**** PROVIDED INFORMATION

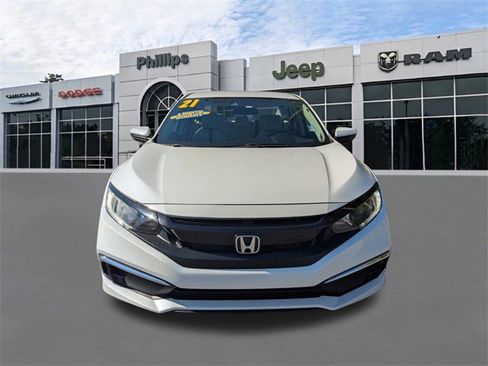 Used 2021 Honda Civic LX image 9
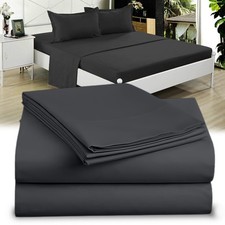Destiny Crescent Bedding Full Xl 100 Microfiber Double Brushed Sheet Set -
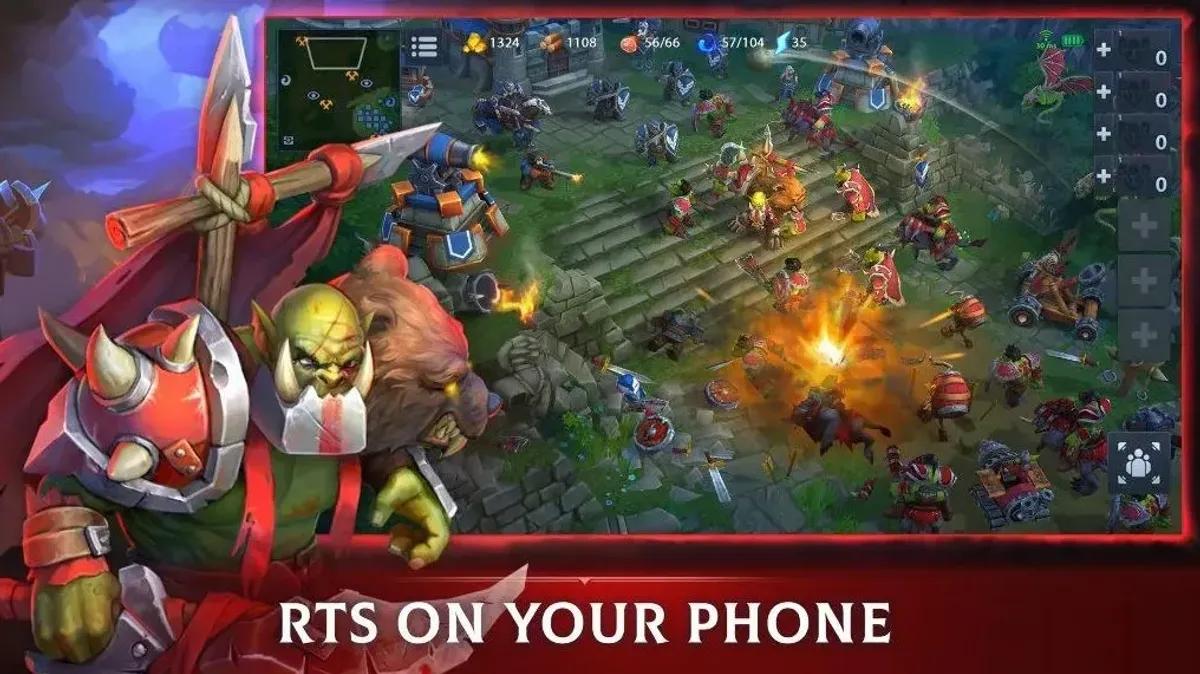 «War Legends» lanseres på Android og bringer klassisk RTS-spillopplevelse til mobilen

********
**** PROVIDED INFORMATION

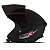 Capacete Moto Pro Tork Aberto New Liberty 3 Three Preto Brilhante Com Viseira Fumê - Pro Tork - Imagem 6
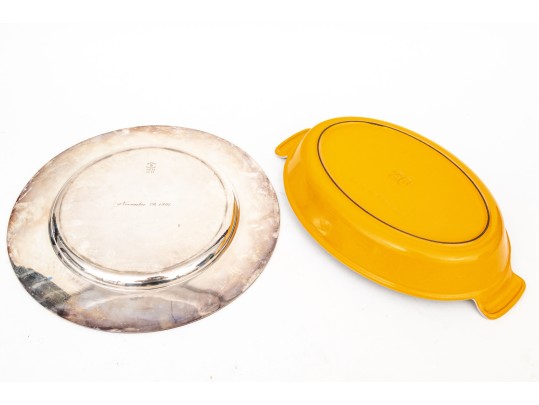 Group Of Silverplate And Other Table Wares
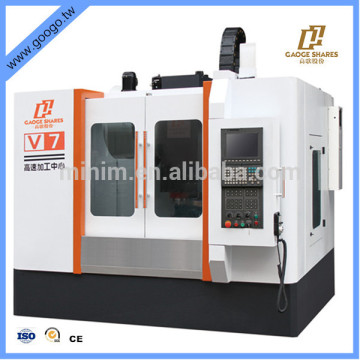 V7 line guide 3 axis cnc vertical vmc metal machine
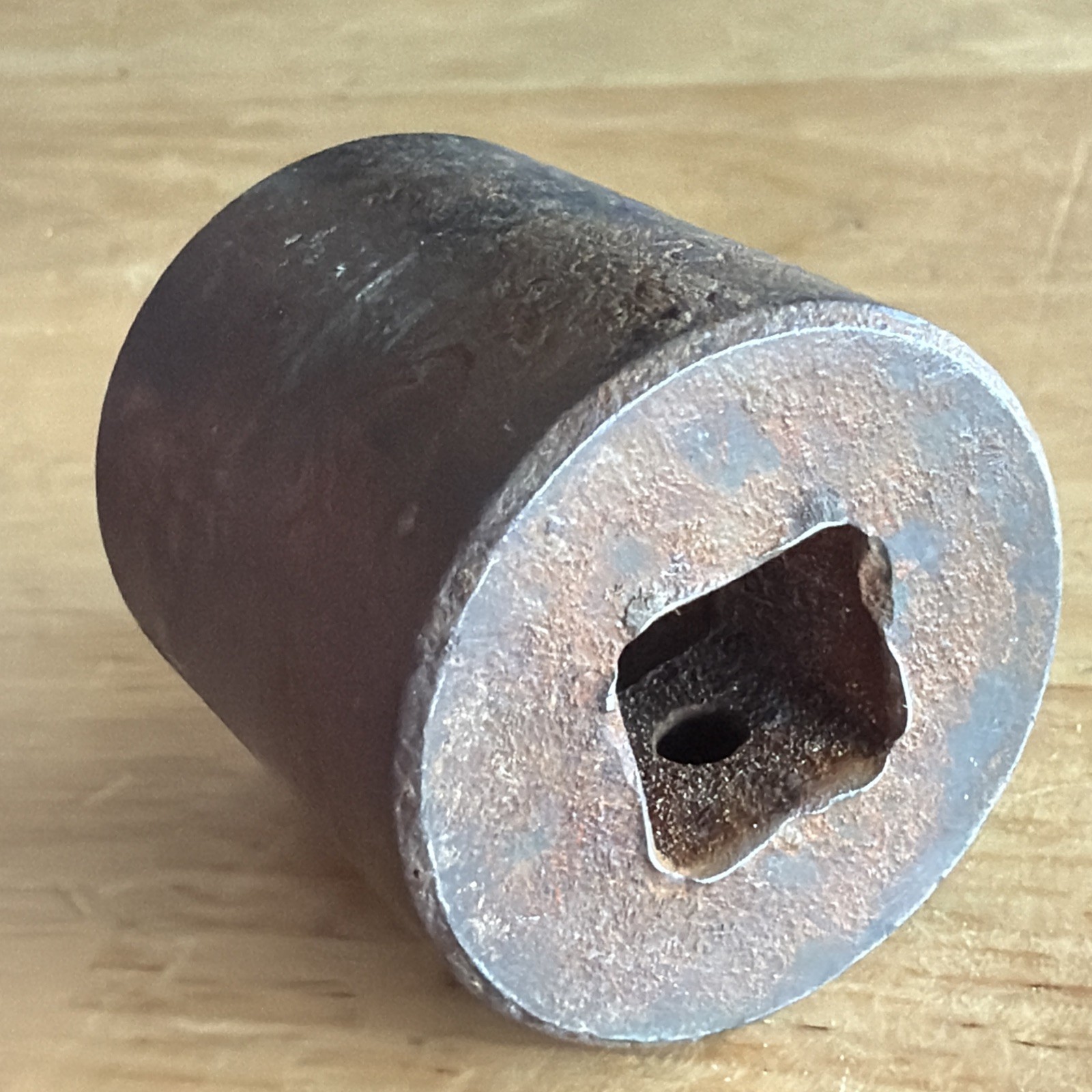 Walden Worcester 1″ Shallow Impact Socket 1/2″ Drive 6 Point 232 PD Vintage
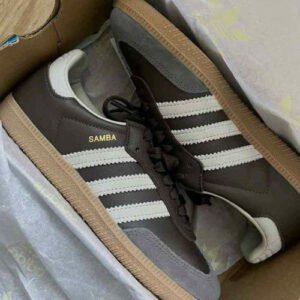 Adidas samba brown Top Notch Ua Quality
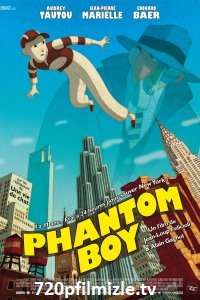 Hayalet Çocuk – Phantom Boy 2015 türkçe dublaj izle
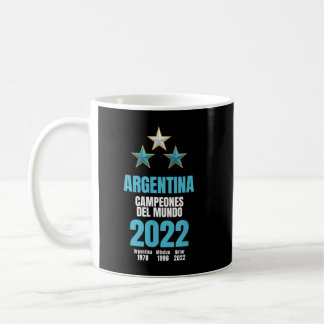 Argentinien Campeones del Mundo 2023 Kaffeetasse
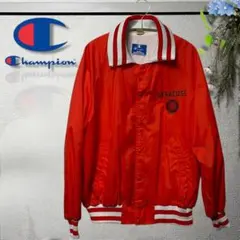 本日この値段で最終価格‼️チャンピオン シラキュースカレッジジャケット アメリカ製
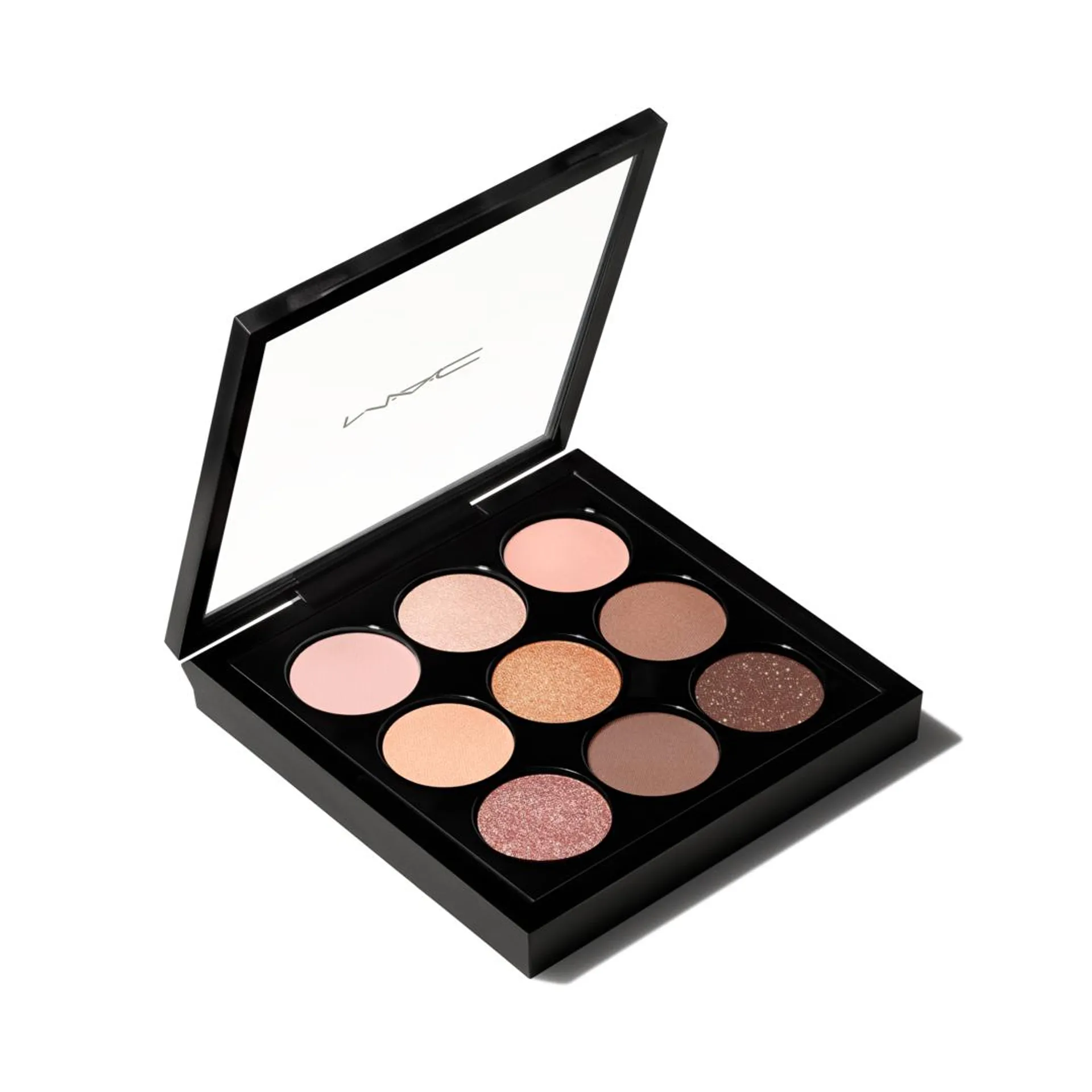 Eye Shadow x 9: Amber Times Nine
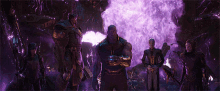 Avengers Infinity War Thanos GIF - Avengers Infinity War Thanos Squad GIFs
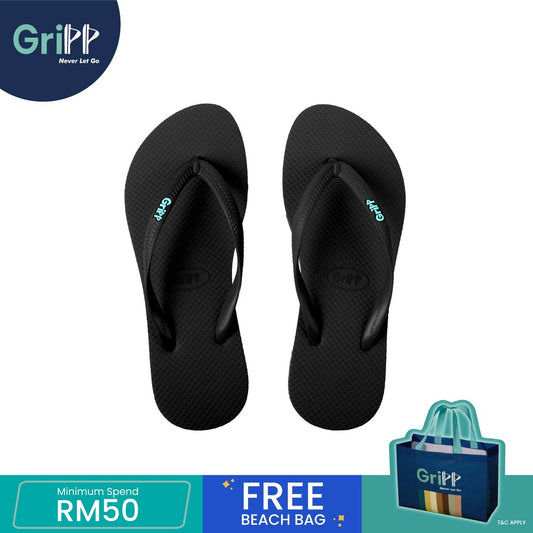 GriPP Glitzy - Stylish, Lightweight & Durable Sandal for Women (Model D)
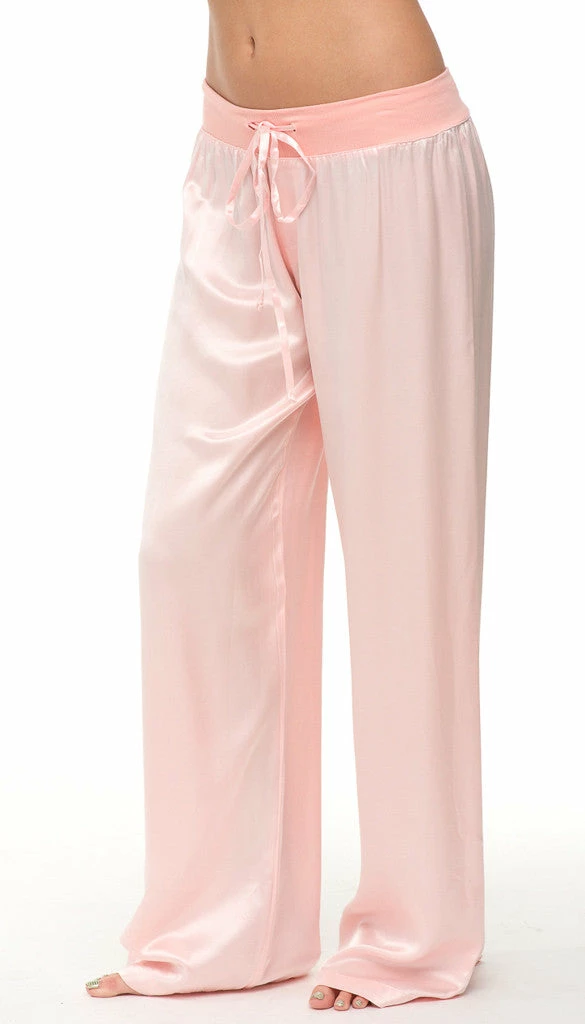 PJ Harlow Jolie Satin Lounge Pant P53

********

### TASK
Restate word for word every line from the one with "Avengers Infinity War Thanos GIF" up to and including the one with "PJ Harlow Jolie Satin Lounge Pant P53" in the records above, minus the pictures.

### ANSWER
 Avengers Infinity War Thanos GIF - Avengers Infinity War Thanos Squad GIFs
 GriPP Glitzy - Stylish, Lightweight & Durable Sandal for Women (Model D)
 PJ Harlow Jolie Satin Lounge Pant P53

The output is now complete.